“NCIS: Sydney: Intriguing, Engaging, Addictive for Friday Nights”

It’s a g’day to be an NCIS: Sydney fan, seeing as the franchise’s first international spinoff has been having all kinds of fun with its sophomore run, airing Fridays on CBS.

In fact, I have found NCIS: Sydney to be a perfect, often-superfun Friday-night hang, occupying — in a small way — a similar space as, say, Hawaii Five-0 or MacGyver.

For the uninitiated, NCIS: Sydney follows a team of U.S. NCIS Agents and Australian Federal Police (AFP) officers who have been grafted into a multi-national task force, to keep naval crimes in check in the most contested patch of ocean on the planet.

The team is led by NCIS Special Agent Michelle Mackey, played by Olivia Swann, and her 2IC AFP counterpart, Sergeant Jim “JD” Dempsey, played by Todd Lasance. The ensemble also includes Sean Sagar as NCIS Special Agent DeShawn Jackson, Tuuli Narkle as AFP Liaison Officer Constable Evie Cooper, Mavournee Hazel as AFP Forensic Scientist Bluebird “Blue” Gleeson, and William McInnes as AFP Forensic Pathologist Dr. Roy Penrose.

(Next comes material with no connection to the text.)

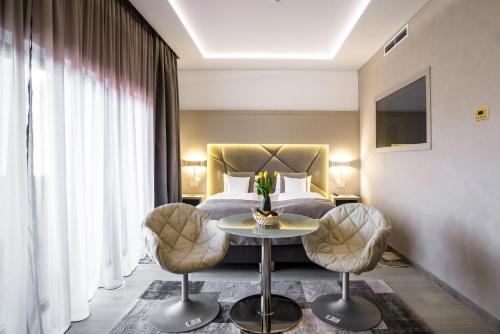 a hotel room with a bed and a table and chairs at Hotel Eden Garden Spa in Câmpulung Moldovenesc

In a recent op-ed I did on the NCIS mothership finally breaking out of a Season 22 rut, I wrote that NCIS: Sydney is “NCIS (or more accurately, NCIS: Los Angeles) on a low dose.” Yes, it tackles serious topics/cases like the pop star who’d been drugged into compliance by a domineering father, but it’s more often the case that the series avails itself of its exotic environs — which is a refreshing departure from Yet Another Dead Petty Officer Found by a White Rail Fence.

What prompted this post was Sydney‘s latest outing, “Blood Is Thicker Than Vodka,” in which the discovery of an exsanguinated sailor — found in a coffin bobbing in Sydney Harbour — led Mackey, JD et al to a family that runs a trendy vodka label but also indulges itself in shots of, well, human blood. I didn’t know much about sanguinarians ahead of this episode, but NCIS: Sydney, bless its weird little soul, took the subculture pretty seriously (while also allowing team members tons of “sucks”/“fangs” wordplay).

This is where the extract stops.